L’opener “Bound By Blood”, già conosciuta dal pubblico in quanto secondo assaggio d’anteprima del disco, dichiara aperte le danze tra campionamenti naturali e il suono di un’insolita quanto adatta ocarina che già aveva donato segnali sull’originalità e personalità del progetto. Non è tutto: si noti fin da subito come le chitarre ed annessi intrecci abbiano un ruolo decisamente più predominante rispetto alla media del filone di riferimento. Grande importanza è donata sia alla struttura delle ritmiche che ai passaggi solisti, discretamente valorizzate anche nel missaggio che le pone sempre in primo piano accanto alla strumentazione folkloristica. Il riffing delle sette corde è definito e dal taglio moderno, andando a scavalcare l’ormai solita pretesa di spacciare evidenti incapacità tastieristiche per vezzo stilistico.
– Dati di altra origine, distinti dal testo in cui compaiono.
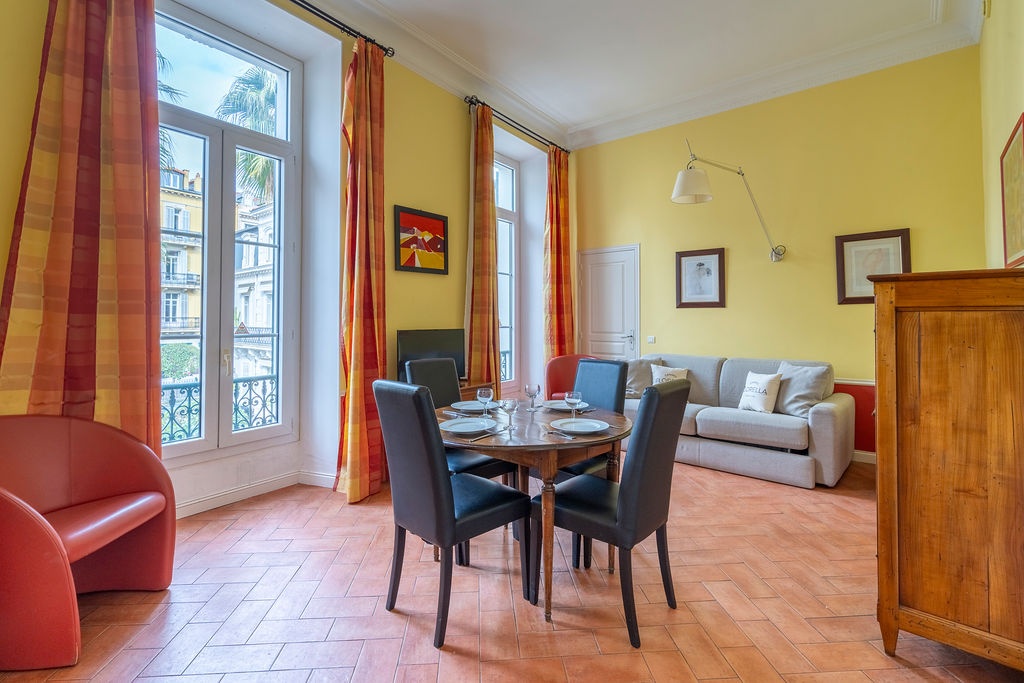 Le 10 Jean Daumas avec 1 Chambre et Balcon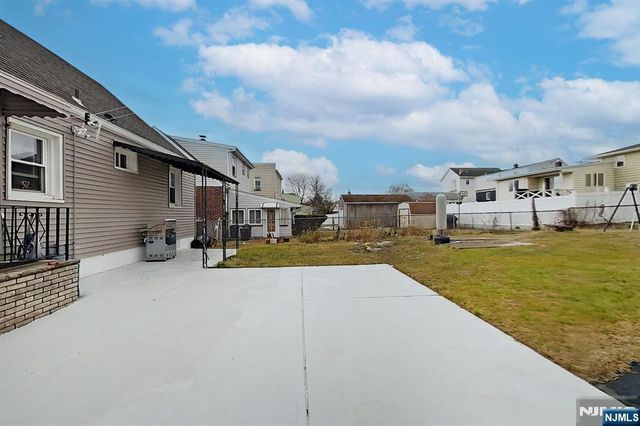 207 Lafayette Avenue, Lyndhurst, NJ 07071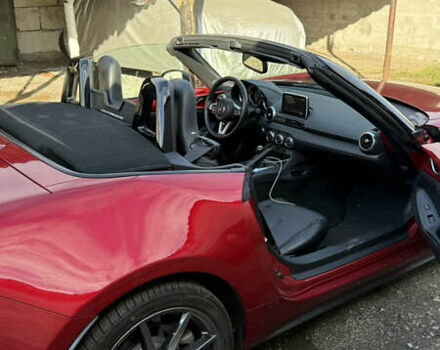 Красный Мазда МХ-5, объемом двигателя 2 л и пробегом 40 тыс. км за 19000 $, фото 2 на Automoto.ua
Le tastiere sono quindi curate e presenti ma non totalizzanti l’attenzione dell’avventore.
Le ritmiche dei brani sono, in controtendenza col genere, generalmente sostenute (andando ad evocare un mood più aggressivo e battagliero del solito, piuttosto che unicamente malinconico) portando sfortunatamente l’ascoltatore a sentire in questi casi la mancanza di un batterismo più fisico. Se la drum-machine è componente fondamentale nonché parte integrante del suono di act ieratici come i Summoning, l’utilizzo fàttone in “Empires Of Ash” vorrebbe spesso e volentieri un batterismo più dinamico, sanguigno e reale. Il suono delle sue componenti è decisamente curato, tuttavia si prendano come esempio l’inizio in blast-beat di “Homeward” o le parti affidate al doppio pedale della conclusiva title-track (estendibile più in generale ad ogni parte concitata del disco) per rendersi conto di come queste tendano a far cadere in quei brevi momenti l’atmosfera creata.
“Aeons Of Valor”, grazie alla sua eleganza, riesce ad essere invece uno degli episodi migliori del disco, seguita dall’inaspettata e decisamente riuscita “The Pale Host”: delicato interludio dal sapore a tratti Dark-Wave affidato unicamente ai sintetizzatori e alla voce di Chloe Bray. Le conclusive “Trails Of The Earth” ed “Empires Of Ash” spingono sull’acceleratore, fornendo diversi break acustici e spunti interessanti nella prima (pur talvolta inficiati dal batterismo, come spiegato) e risultando la seconda un ottimo compendio finale di ciò che i Sojourner hanno voluto -e sono riusciti- a offrire in questa prima prova discografica.

Il disco è stato registrato in maniera autonoma e successivamente prodotto (sia missaggio che mastering) a Milano da Gabriele Gramaglia (autore anche della registrazione delle chitarre acustiche in “Trails Of The Earth”) con un buon risultato finale. Un plauso va alla band che, nonostante si sia trovata alle prese con un debutto assoluto, ha deciso di scegliere soluzioni personali piuttosto che incanalarsi in un trend divenuto ormai semplicissimo da seguire: sia sotto l’aspetto stilistico (si noti l’utilizzo dell’ocarina e dei fiati in un contesto simile, piuttosto che le abusate simil-sinfonie, o il grande spazio donato alla voce femminile e ai fraseggi chitarristici quasi sempre ottimamente contestualizzati) che sotto l’aspetto grafico (l’ennesima riproduzione di un quadro di Bierstadt non sarebbe servita a nessuno).
“Empires Of Ash” va dunque a posizionarsi come prima convincente prova di un act che ha deciso di distinguersi, pur volendo esprimersi in un genere ormai prevalentemente saturo, e farà la felicità di ogni amante del Black Metal più epico ed atmosferico.